> **Work instruction**
Set down every entry again word for word, please, but skip the pictures.

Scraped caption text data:
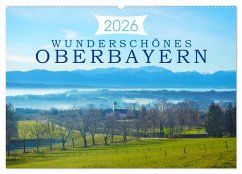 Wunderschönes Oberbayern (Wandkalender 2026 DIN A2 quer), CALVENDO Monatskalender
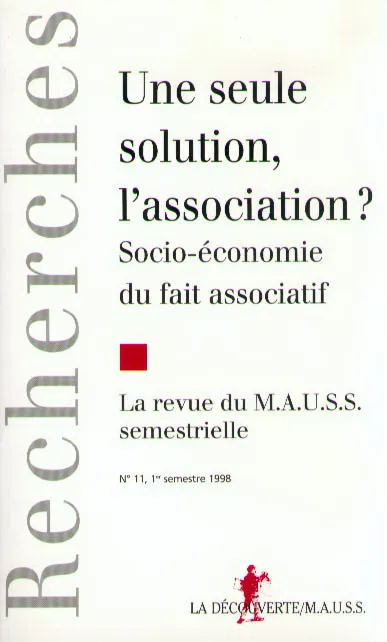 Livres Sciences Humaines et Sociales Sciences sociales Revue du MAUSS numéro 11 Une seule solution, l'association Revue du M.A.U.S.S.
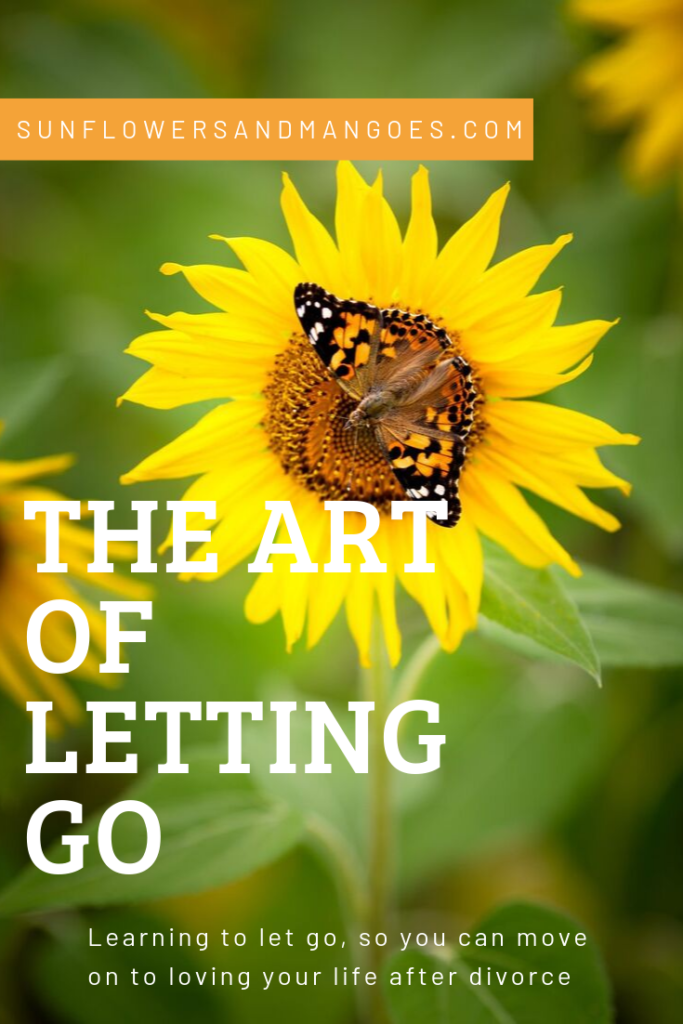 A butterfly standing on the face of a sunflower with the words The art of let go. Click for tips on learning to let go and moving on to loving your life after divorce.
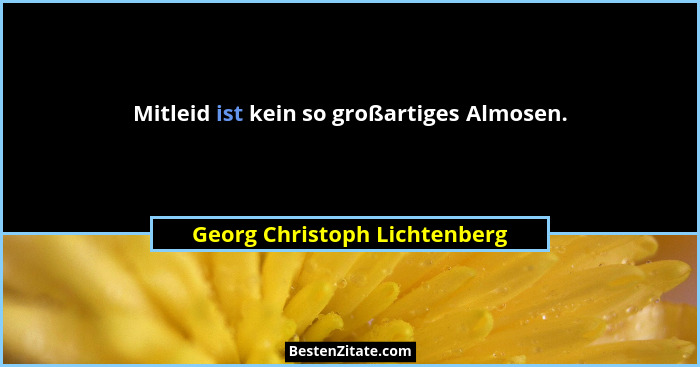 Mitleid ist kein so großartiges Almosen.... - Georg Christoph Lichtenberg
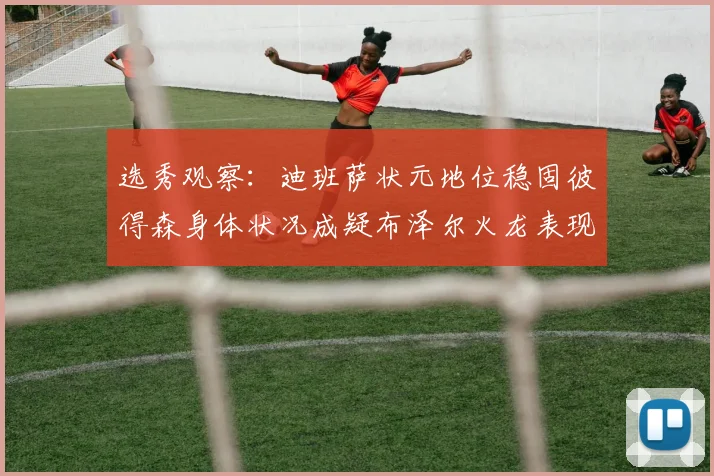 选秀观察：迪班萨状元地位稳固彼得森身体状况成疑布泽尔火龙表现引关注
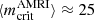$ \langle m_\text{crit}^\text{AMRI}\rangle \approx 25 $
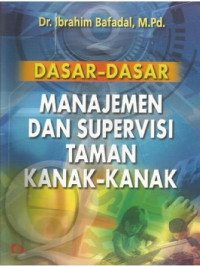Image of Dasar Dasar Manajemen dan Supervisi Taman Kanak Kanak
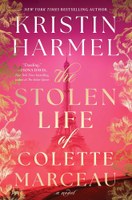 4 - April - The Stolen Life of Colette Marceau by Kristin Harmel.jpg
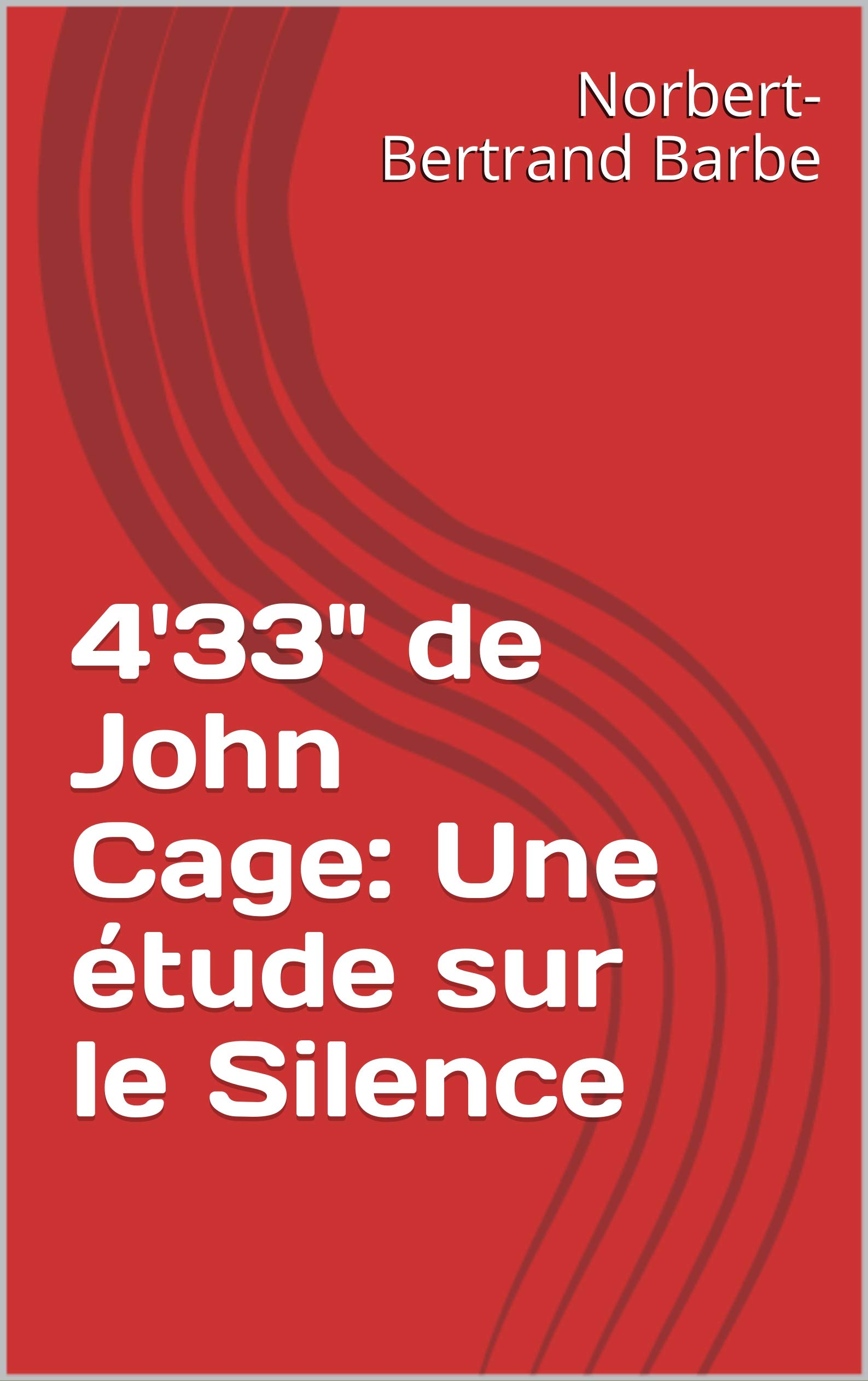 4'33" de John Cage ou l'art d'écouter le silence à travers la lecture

> **Reply**
 Wunderschönes Oberbayern (Wandkalender 2026 DIN A2 quer), CALVENDO Monatskalender
 Livres Sciences Humaines et Sociales Sciences sociales Revue du MAUSS numéro 11 Une seule solution, l'association Revue du M.A.U.S.S.
 A butterfly standing on the face of a sunflower with the words The art of let go. Click for tips on learning to let go and moving on to loving your life after divorce.
 Mitleid ist kein so großartiges Almosen.... - Georg Christoph Lichtenberg
 选秀观察：迪班萨状元地位稳固彼得森身体状况成疑布泽尔火龙表现引关注
$ \langle m_\text{crit}^\text{AMRI}\rangle \approx 25 $
Image of Dasar Dasar Manajemen dan Supervisi Taman Kanak Kanak
 4 - April - The Stolen Life of Colette Marceau by Kristin Harmel.jpg
 4'33" de John Cage ou l'art d'écouter le silence à travers la lecture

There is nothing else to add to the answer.